Réparations d'appareils électroniques vintage



Réparation d'un juke-box Wurlitzer Zodiac 3500 de 1971
(machine 2)

Arrive un Zodiac complètement ... pourri ! Le bas de la caisse a stagné dans l'eau car les panneaux de bois aggloméré se désagrègent, les roulettes sont passées à travers le fond suite au poids de la machine ! Quelqu'un a fabriqué et installé un nouveau plancher sous l'ensemble de la machine. Des tôles, boitiers, vis, ... trainent en fond de caisse, une barre métallique de support du porte étiquette est cassée, le "pince-disque" manque ainsi que les boulons de fixation du mécanisme à cames, moteur principal de la machine ... Pourquoi quelqu'un a-t-il eu l'idée de commencer à démonter le complexe système à cames ? En continuant mon inspection de ce mécanisme je découvre que des pivots et des lames sont pliées et que quelques dents manquent sur un engrenage ... Mamma mia, c'est une catastrophe, ce n'est plus un jukebox, mais un zombie !

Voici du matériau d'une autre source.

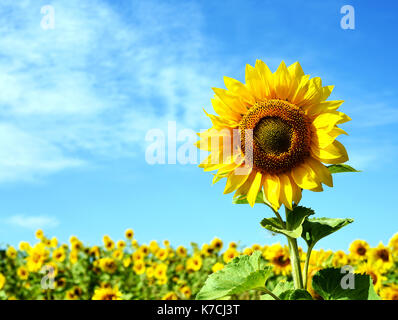Girasole giallo sfondo con fiori selvatici che crescono in un campo in natura. La luce solare naturale in un paesaggio formato e design. Foto Stock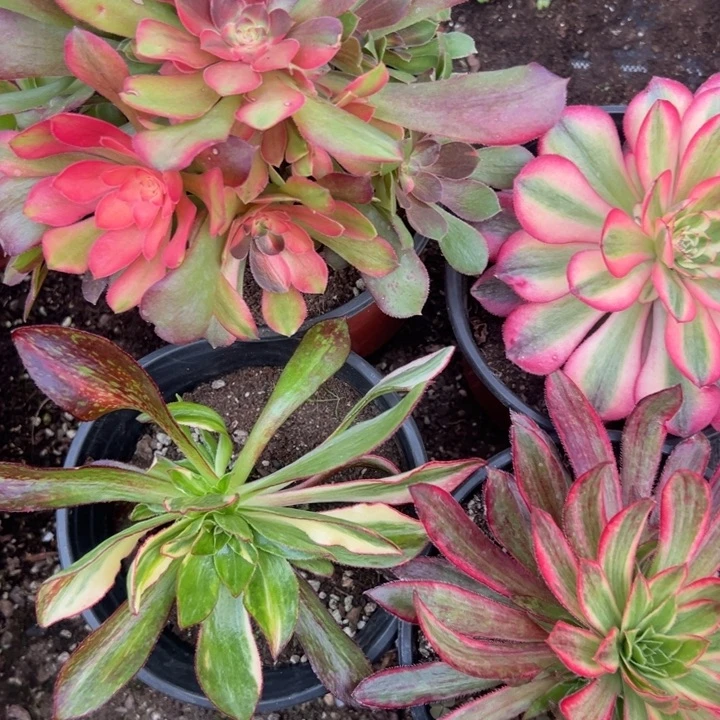 多肉植物314不售后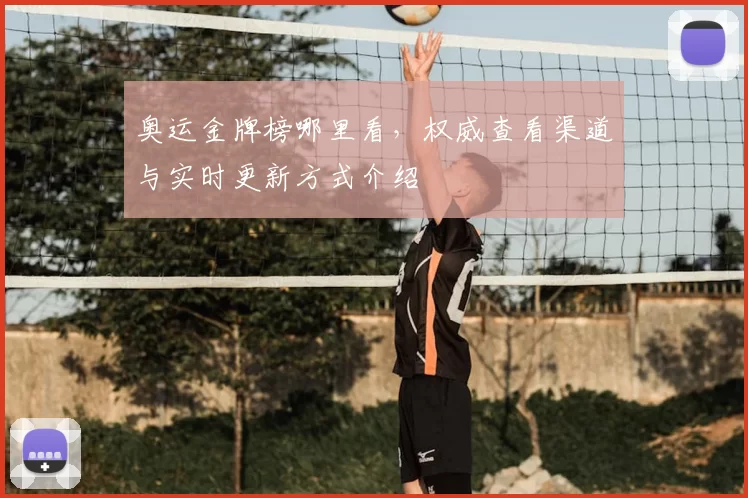 奥运金牌榜哪里看，权威查看渠道与实时更新方式介绍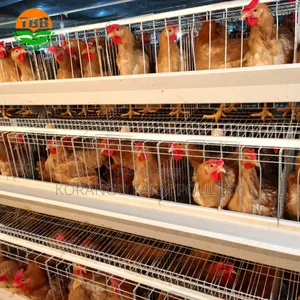 Layers Chicken Cages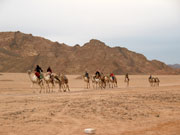 Egypte woestijn en kamelen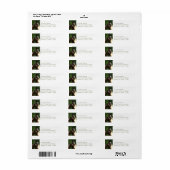 Gypsy Vanner Etiket (Full Sheet)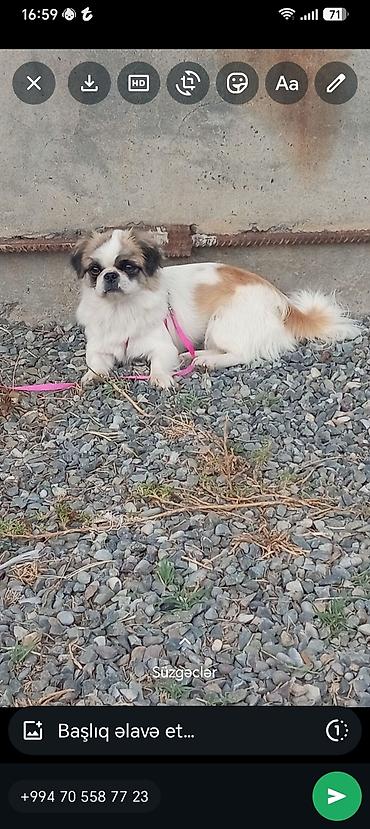quzu satilir: Pekines, 1 il, Dişi, Peyvəndli, Rayonlara çatdırılma — 1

Il y a un nouveau câble secteur 230V mais la machine est comme souvent en 115V, j'espère que personne ne l'a allumé comme ça ... et bien si, car je trouve un fusible de 8A grillé (dans un emplacement indiqué 5A ...). Le propre de l'homme est-il donc toujours de croire qu'il est compétent sans admettre qu'il est un danger public ? Aristote avait bien raison : "L’ignorant fonce, le savant doute, le sage réfléchit" (Citation légèrement modifiée, l'originale étant : "L'ignorant affirme ...").

Cela promet une belle partie de plaisir, et pour la 1ère fois, j'hésite à me lancer dans la restauration. Allez, on va faire comme les ignorants : foncer ! Je commence par le plus complexe : l'assemblage à cames. Le plateau est déposé et fixé sur tranche à 2 tréteaux, je peux y travailler à l'aise (assis !) de chaque côté. Je débraye mécaniquement le moteur électrique, ainsi je peux tester le mécanisme à la main.

Le châssis déposé et monté "sur tranche" pour pouvoir y travailler au-dessus et en-dessous à l'aise

Le mécanisme à cames

Les cames tournent, le bras monte un peu et retombe, c'est normal, il manque des dents à l'engrenage, une roulette n'est plus dans sa gorge-guide en forme de cardioïde, un pivot d'arrêt est de travers, des plaques métalliques et une vis de réglage sont tordues. Et je me demande bien de quelle manière un forçage aussi violent de la mécanique a bien pu être provoqué. On pense au premier abord à un blocage du bras de transfert, mais ce n'est pas ça car les dégâts auraient été différents : casse du bras mais sûrement ruptures des dents des 3 engrenages planétaires qui orientent le bras en 3D. Bref, rien à faire, il va falloir démonter le tout.

Les diverses lignes de couleur indiquent une partie des déformations subies par le forçage de la mécanique

Mais d'abord, il faut réfléchir, c'est-à-dire comprendre. Etonnement, je ne trouve aucune photo, ni vidéo sur la manière de fonctionner, ni de démonter ou régler ce mécanisme, alors que tout existe pour les Seeburg et les Rockola. Pourtant ce sont des machines classiques et réputées, bizarre, car ce n'est sûrement pas la 1ère qui a des soucis de ce genre. Je consulte la documentation du Zodiac 3500, j'y trouve bien la vue éclatée du mécanisme, mais les cames ne sont pas détaillées ! C'est une vue éclatée partielle, flûte.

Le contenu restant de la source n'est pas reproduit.